What the task requires
Please copy exactly the part of the records below that opens with the line containing "ロレックス サブマリーナー デイト" and closes with the line containing "20-year-old Chhattisgarh youth", leaving out any pictures.

Records shown
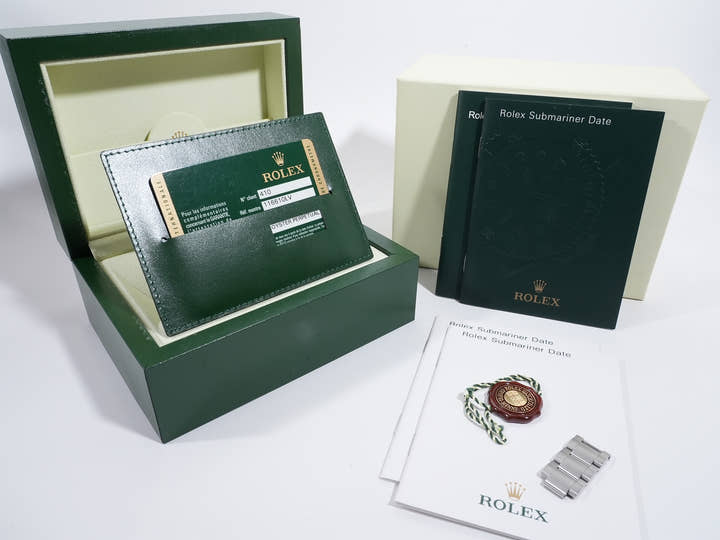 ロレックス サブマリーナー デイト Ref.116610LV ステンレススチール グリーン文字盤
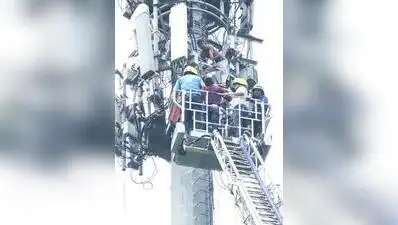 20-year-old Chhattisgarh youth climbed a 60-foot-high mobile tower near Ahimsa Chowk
---
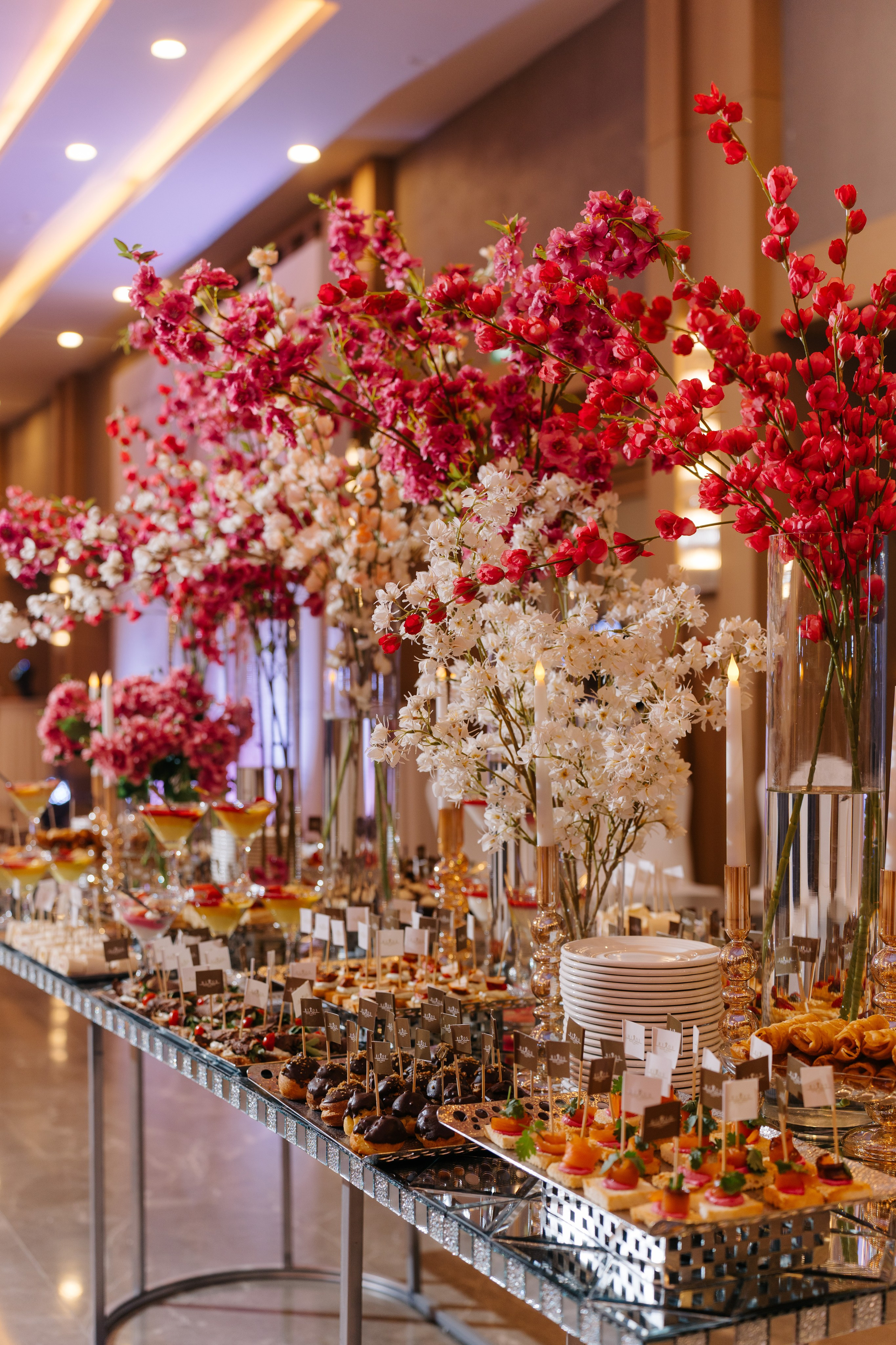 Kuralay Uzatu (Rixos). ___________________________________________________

Exercise result
 ロレックス サブマリーナー デイト Ref.116610LV ステンレススチール グリーン文字盤
 20-year-old Chhattisgarh youth climbed a 60-foot-high mobile tower near Ahimsa Chowk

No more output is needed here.